MELTING POT OR CIVIL WAR?

A Son of Immigrants Makes the Case Against Open Borders

by Reihan Salam

Pub Date: Sept. 25th, 2018
ISBN: 978-0-7352-1627-3
Publisher: Sentinel

A vigorous, controversy-courting argument for limiting immigration, especially of low-skilled workers.

Salam (co-author: Grand New Party: How Conservatives Can Win the Working Class and Save the American Dream, 2008), the son of Bangladeshi immigrants who is now the executive editor of the National Review, delivers a nuanced case for closing the border to all but a certain desired class of newcomers and restructuring immigration policy in order to stave off ever increasing Balkanization.

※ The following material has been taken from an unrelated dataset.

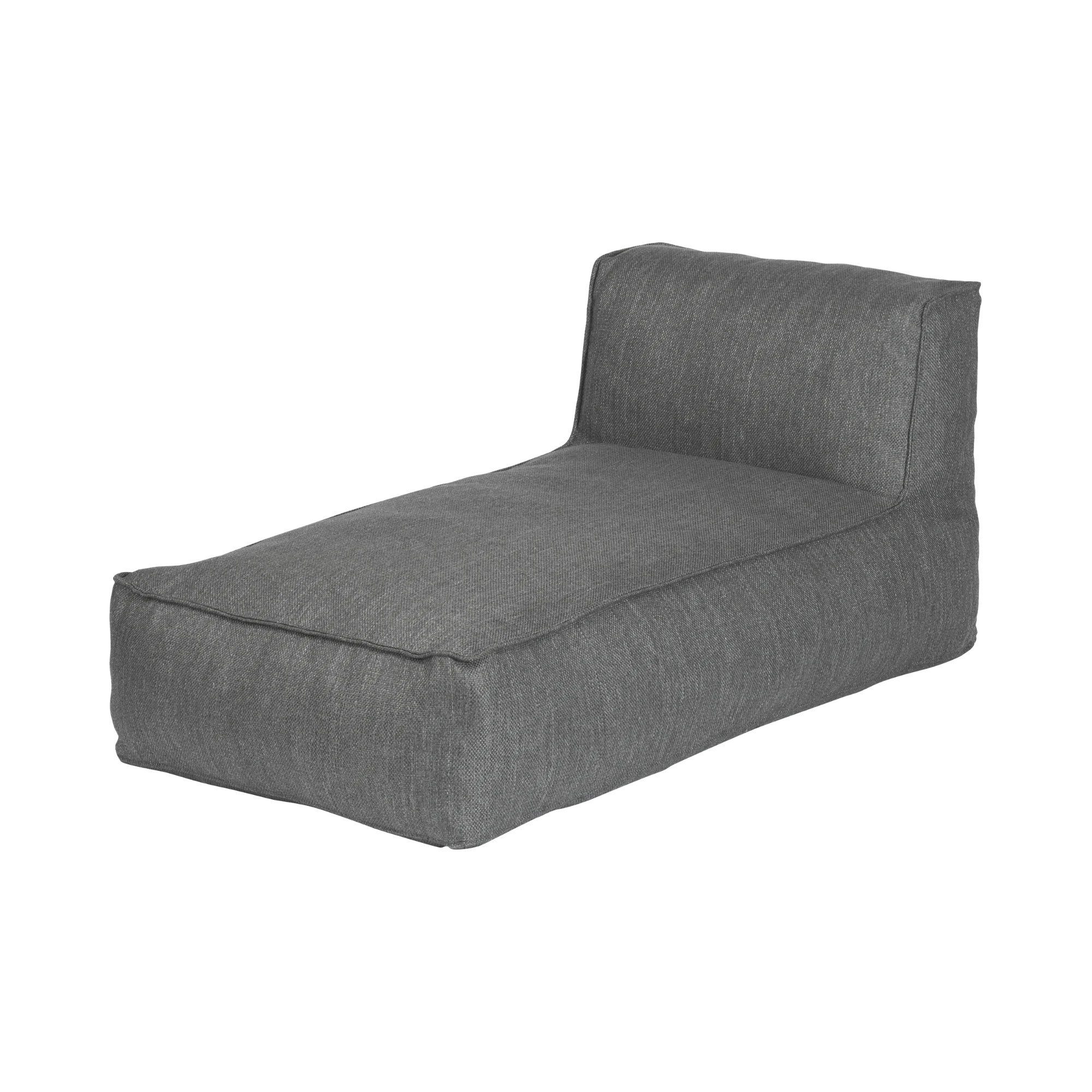 blomus Loungesessel Blomus Outdoor Chaiselongue -GROW- Coal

By his account, when low-skilled immigrants arrive in America, they are shunted off to second-class status and not expected to take their part in a melting-pot ideal that has become more a series of separate-but-not-equal enclaves. Donald Trump and company are capitalizing on that separation in forging a racially and ethnically tinged nationalism. Their opposition, to which he himself seems opposed, notwithstanding, Salam reckons on the possibility of a future in which “we might even have to countenance the creation of a new class of guest workers who would be permanently barred from citizenship.” As it is, he argues, second-generation Americans are often at the barricades leading the fight against the gentrification of their run-down neighborhoods, foot soldiers in a race-based struggle over inequality that itself is a repudiation of the melting-pot ideal. The author’s suggestion (examined but then rejected) that immigrants be denied “the myriad…benefits for which low-income households are eligible” is among the more tendentious possibilities, while the scenario of wealthy Americans’ replacing air conditioners with “a rotating cast of earnest young people who would be willing to fan them around the clock” is absurd but makes a point. Mostly, Salam ventures a hard but reasonable case. Allowing that some level of amnesty is likely to be required as a compromise, and even endorsing the thought of a universal child benefit by way of welfare, he pushes for a skill-based visa that “gives some (slight) weight to family ties” and other reforms.

An intelligent and reasoned take on what has become a third-rail issue.